This is not a homework problem. It is meant as a challenge for people who really enjoy math and have time to spare.
Suppose you have a 2D Cartesian coordinate system. There are three shapes: R, C, and P.
R is a large rectangle. Its left side is along the vertical axis, and its bottom side is along the horizontal axis, such that its bottom-left corner is at the origin (0, 0).
C is a small circle that is located somewhere inside of R. The center of C is not necessarily at R's geometric center. C's border cannot intersect with any part of R's border.
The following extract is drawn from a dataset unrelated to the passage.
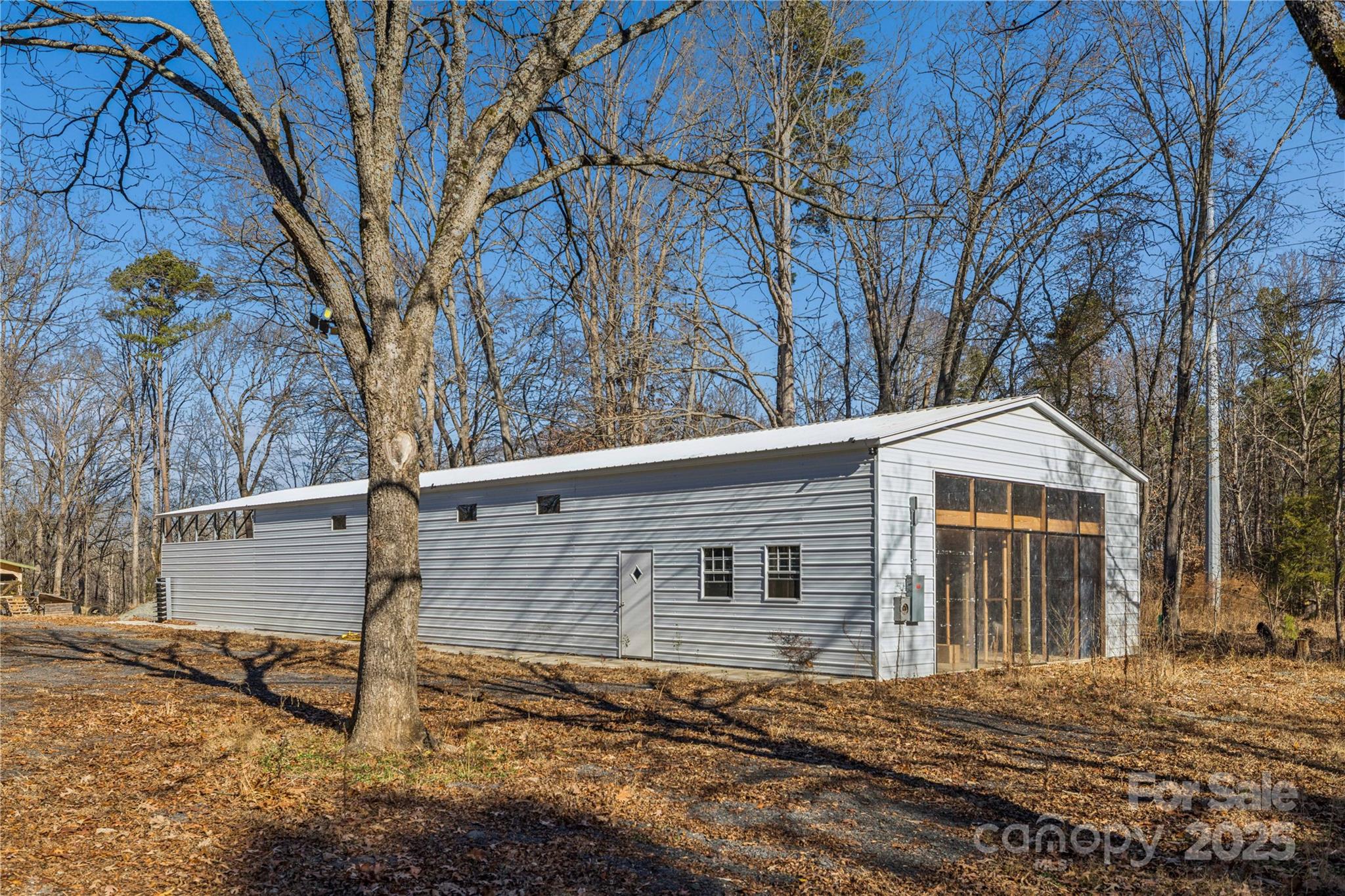 236 Little River Road Fort Mill, SC 29707 - Photo 11 of 16 a front view of a house with yard and trees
P is an irregular polygon of N sides. It is a simple, convex polygon (not self-intersecting, all angles under 180 degrees). R surrounds P, and P surrounds C. In other words, P's corners and sides exist in the region between C's border and R's border. The corners of P do not necessarily touch the sides of R. Any of P's sides may be tangent to C, but none of P's sides may overlap inside of C.
Design an algorithm that generates a random variation of P's corners. The corners of P are placed at random distances and random angles relative to C's center. The algorithm's output is an ordered set of Cartesian coordinates, arranged by counter-clockwise position around C.
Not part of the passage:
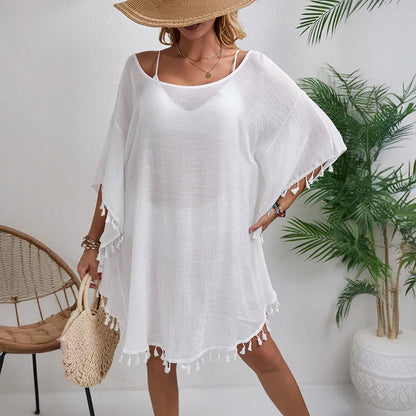 Luxury women's solid colour sexy cover up featuring a U neck and half sleeves, elegantly designed with tassels, perfect for summer wear.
You are given the following constant values:
- the width and height of the bounding rectangle R
- the radius and center of the circle C
- the number N of corners for polygon P
- the maximum distance between the center of C and any of P's corners
If this is solvable, how would you implement this algorithm?
Or if this is not solvable, can you explain why not? What would need to change so that it becomes solvable?